# Our Crufts adventure



## Oenoke (Oct 17, 2009)

Sorry no agility pics, hopefully I'll get some later.

Skye making herself at home in the hotel!



























Then she decided to have a nap in the soft crate.









Then she saw herself in the mirror.









Aren't I beautiful!









On the bench when we arrived.









With her 4th place rosette from the agility.

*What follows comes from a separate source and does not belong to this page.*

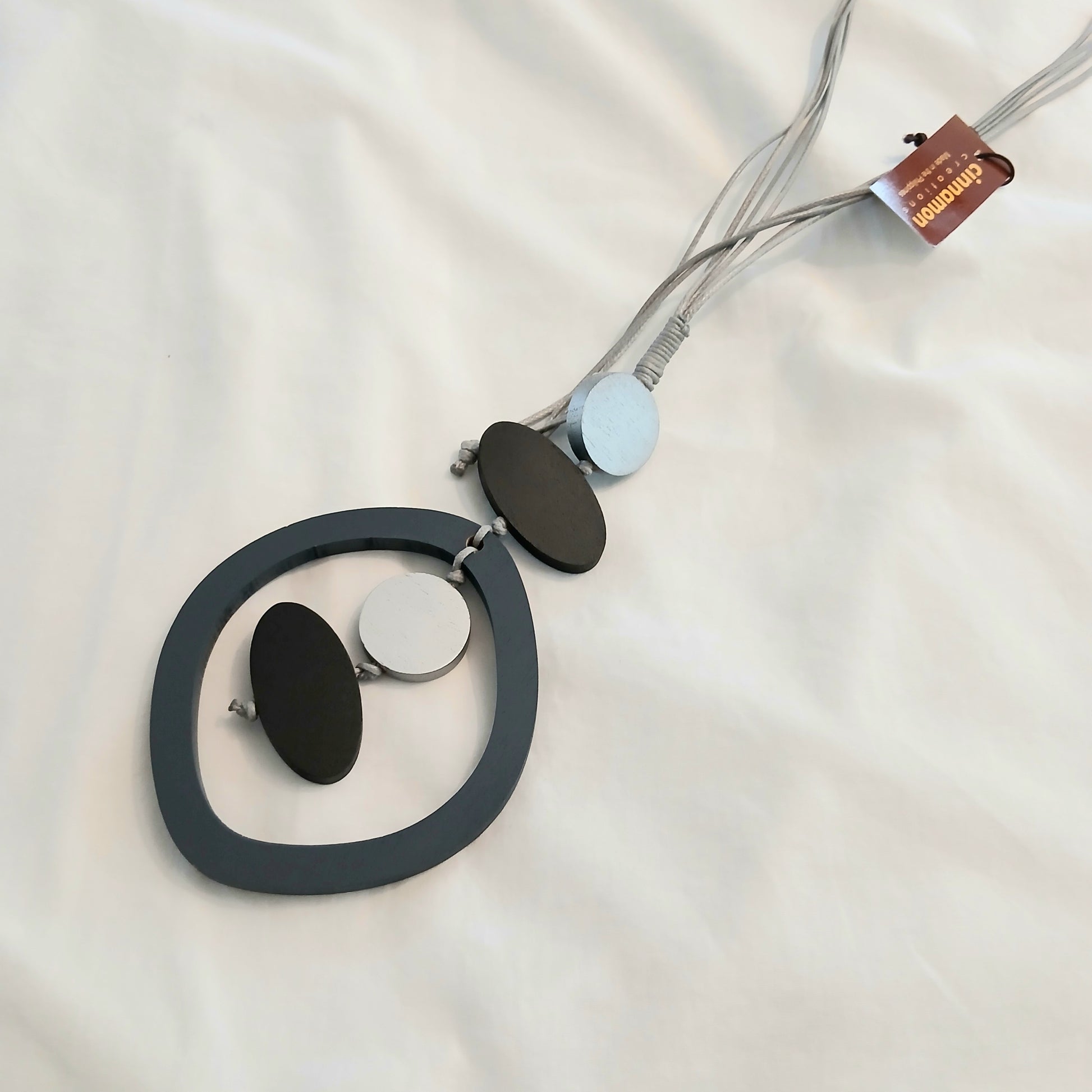 PRE-ORDER Artistic Resin Pendant Necklace 36235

Me with Skye (I hate my picture!!!)









And Skye posing


----------



## mezzer (Oct 6, 2009)

Great photo's...I especially love the pic of her looking at herself in the mirror, she looks so surprised. Actually "Little Red Riding Hood" springs to mind if you put a bonnet and glasses on her, lol
Welldone in the Agility :thumbup:


----------



## kat&molly (Mar 2, 2011)

Lovely pics, I also love the mirror one. Well done both on 4th place


----------



## westie~ma (Mar 16, 2009)

Lovely photos  congratulations on 4th, she's a real stunner xx


----------



## Nicky10 (Jan 11, 2010)

She's gorgeous looked like she was having fun on the agility course yesterday


----------



## new westie owner (Apr 30, 2010)

Well done Skye :thumbup:


----------



## Dally Banjo (Oct 22, 2009)

Great pics & well done :thumbup: we watched some last night, brilliant


----------



## Cleo38 (Jan 22, 2010)

Great pics!! Well done!


----------



## Jackie99 (Mar 5, 2010)

Brilliant, hope everyone who goes does the same!!


----------



## portiaa (Dec 10, 2010)

Great pictures! Well done.


----------



## jopetportraits (Feb 28, 2011)

Well done Skye:thumbup::thumbup:


----------



## nutmeg (Sep 13, 2009)

Lovely photos


----------



## The3DChis (Jan 17, 2011)

Congrats!!
Skye is a beauty, her eyes are amazing|!!
Brill pics too!


----------



## slbrown2108 (Sep 15, 2009)

what a gorgeous girl xxx congrats on the agility im hoping to get maisie to some agility classes and then hopefully get her onto the activity register and take her to crufts


----------



## kaz_f (Mar 8, 2009)

Wonderful pics well done Skye!


----------



## katie200 (May 11, 2009)

beautiful photo lovely dogs :thumbup:


----------